In the short term, that coaching helped me let go of what remained of my ego as an exec and to focus mostly on getting out of the way. But in the longer term, it planted the seed that grew into my indie work now. I already saw myself and organizations differently than most did; the way to get the most out of that was to step outside the organizations and help leaders see things my way too. Not all the time, but as a counterbalance to how they saw things on the inside.
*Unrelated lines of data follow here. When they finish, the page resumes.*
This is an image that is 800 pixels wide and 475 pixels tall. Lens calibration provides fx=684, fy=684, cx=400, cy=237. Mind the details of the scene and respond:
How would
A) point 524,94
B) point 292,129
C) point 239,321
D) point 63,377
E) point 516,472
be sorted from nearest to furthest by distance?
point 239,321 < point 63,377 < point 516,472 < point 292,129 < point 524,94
Venkatesh Rao writes that this isn’t just about seeing things differently, it’s about relating to work in an entirely different way:
People take jobs where their inner realities will be most relevant to the inner realities of the company, allowing them to express those realities and be seen. For consultants though, it is less important to be seen and more important to be seen through. In both senses: you are an optical instrument that enhances the vision of another and your motives are transparent and easy to account for, just like a good optical instrument should have easy-to-correct aberrations and flaws.
Few books have made me wince more — in a good way — than Rao’s two-part bible of indie consulting, The Art of Gig. And few portions of the book made me wince more than this one:
Over time, it becomes hard for long-time indies to even relate to employees of client organizations and recognize their ordinary human needs in a business setting. Because you no longer operate in the context of a large organization, you lose the ability to operate in anything but an individual capacity. Don’t underestimate the slow erosion of empathy and emotional and lifestyle distancing that occurs as you log the years as an indie unless you do something to stop it. The longer you’re in indie mode, the stronger the impedance mismatch between your needs and client needs because you gradually lose the internalization of big-org needs at a business level and empathy for paycheck employee mindsets and needs at a more fundamental level.
Ooooooof. I feel this in my bones.
The double whammy of this distancing is that I was drawn to indie work in the first place because I didn’t identify with some of the core needs of most full time employees. Being indie for 18 months has reinforced my core motivations. It has definitely pulled me further from the base assumptions of a typical employee or manager. I’m more interested in autonomy than belonging. I’m more interested in excellence than recognition. I’m more interested in getting tested than in getting coached.
I don’t frame these tradeoffs with any judgment. One side isn’t better than the other. But the tradeoffs are real, and they are stark.
I have stronger business opinions now than I used to. I’m more interested in complicated problems than simple ones. I’m less accepting of organizational “muddling through” to protect people’s feelings, for better or worse. I’m less tolerant of poor performance.
A lot of this is because I’m “unburdened” by many of the typical people-centric tradeoffs that come from having an opinion. I externalize these tradeoffs to the client. (Or more accurately, probably, they externalize some of their cold-blooded thinking to me.)
How much of this is about the seat I now sit in, and how much of it is about “who I am”? Am I becoming harder or am I just hard enough? Am I oversimplifying or am I thinking more clearly? Am I dodging people problems or am I putting them in their appropriate context? It’s hard to say — only a longer track record of being right or wrong will help me say for sure.
But do I prefer the version of myself that has these strong opinions? Yes, definitely. I like being able to take an unambiguous stance. I like being able to say what I think. And I like the feeling of independence that engenders.
I’m going to start adding a reading recommendation each week, just for fun. This week: An old article from The New Yorker, Where Do Eels Come From? It’s about exactly what it says it’s about.